23/01/2026

Rioprevidência, alvo da PF, foi o fundo de pensão que mais investiu no Master

Fonte: O Estadão
Alvo nesta sexta-feira, 23, de uma operação da Polícia Federal que apura
suspeitas de irregularidades em aportes em títulos do Banco Master, o
Rioprevidência era o fundo com a maior exposição às letras da instituição de
Daniel Vorcaro. O Master foi liquidado em novembro do ano passado pelo
Banco Central.
O fundo de previdência dos servidores do estado do Rio de Janeiro aplicou no
banco R$ 970 milhões, de acordo com dados do Ministério da Previdência
Social. Esses investimentos não tinham a garantia do Fundo Garantidor de
Créditos (FGC), o que pode resultar em perdas para os servidores.

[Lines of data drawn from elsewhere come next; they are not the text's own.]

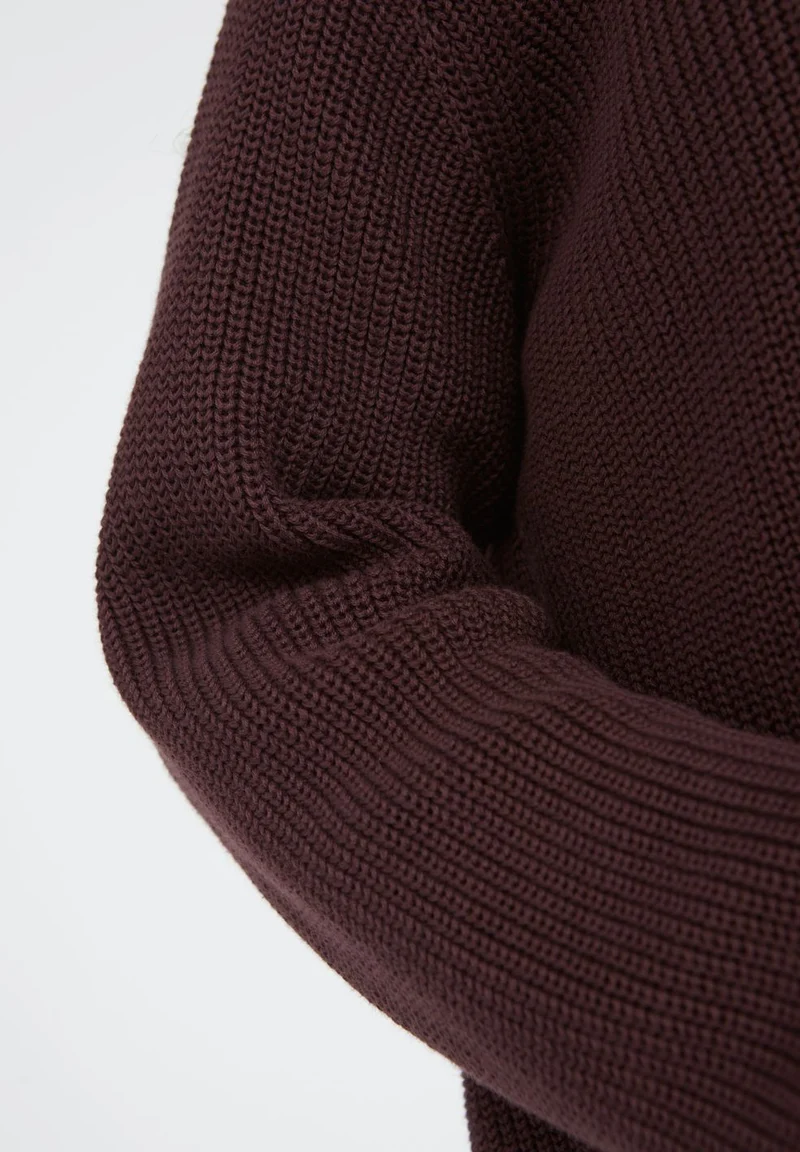 NURIELLAA | aubergine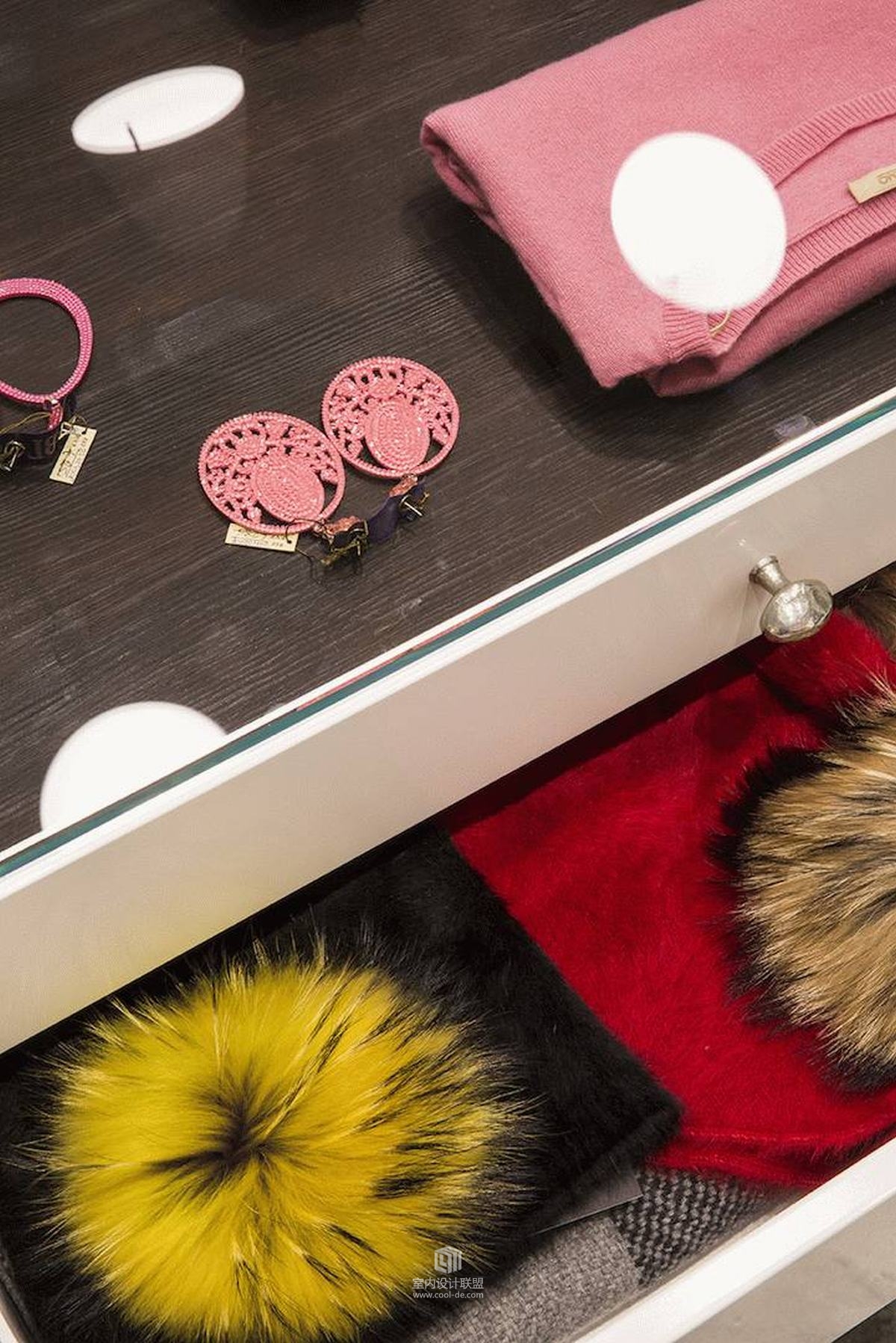 高冷的美女设计师，玩转色彩与艺术-69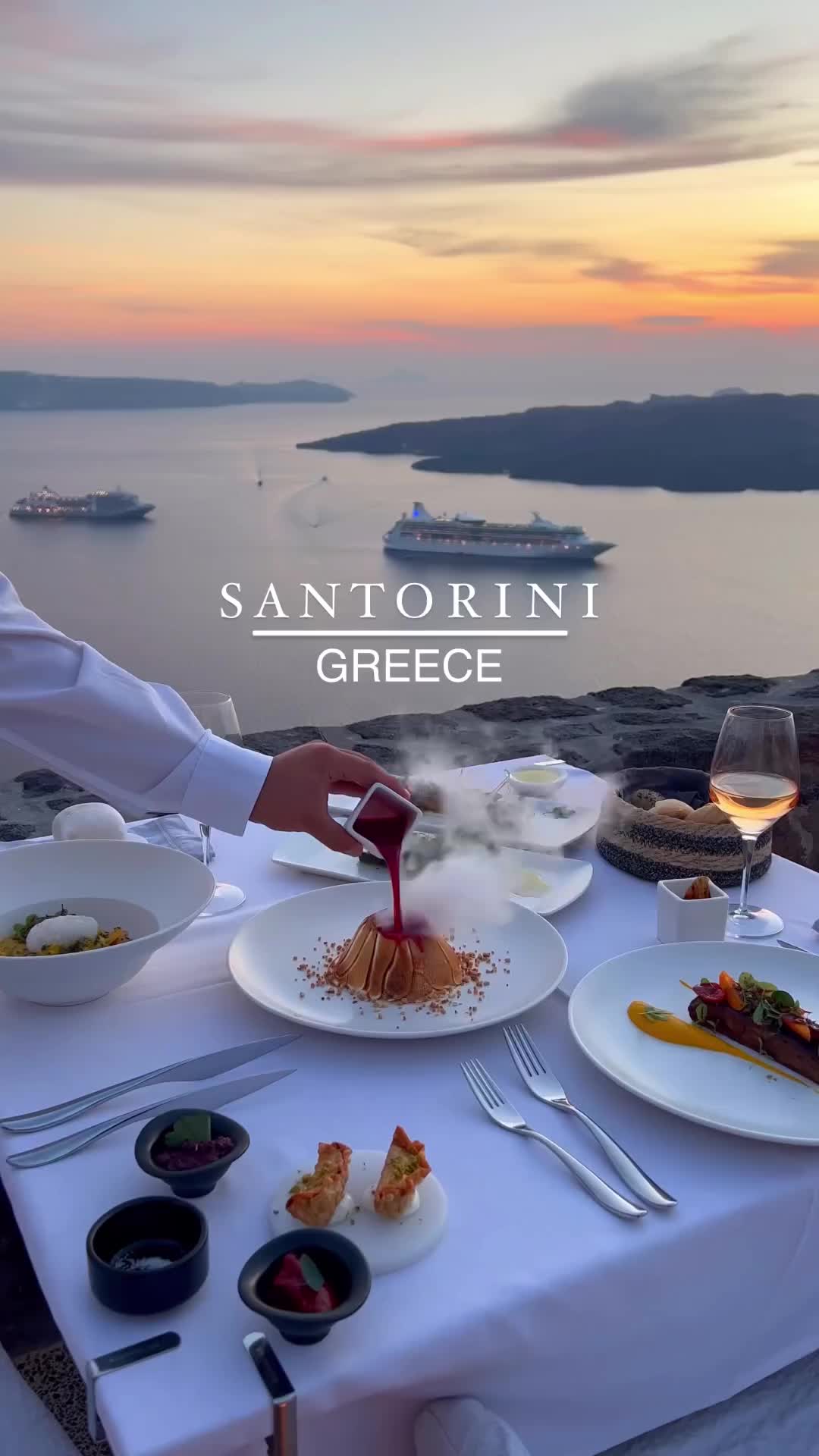 Luxury Santorini Resort - Perfect Vacation Getaway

Batizada de Barco de Papel, a operação suspeita que as operações foram
aprovadas de forma irregular, incompatíveis com a finalidade do instituto de
previdência e expuseram os servidores públicos a “risco elevado”. São apurados
crimes contra o sistema financeiro nacional, gestão fraudulenta, desvio de
recursos, induzir em erro repartição pública e fraude à fiscalização ou ao
investidor, associação criminosa e corrupção passiva.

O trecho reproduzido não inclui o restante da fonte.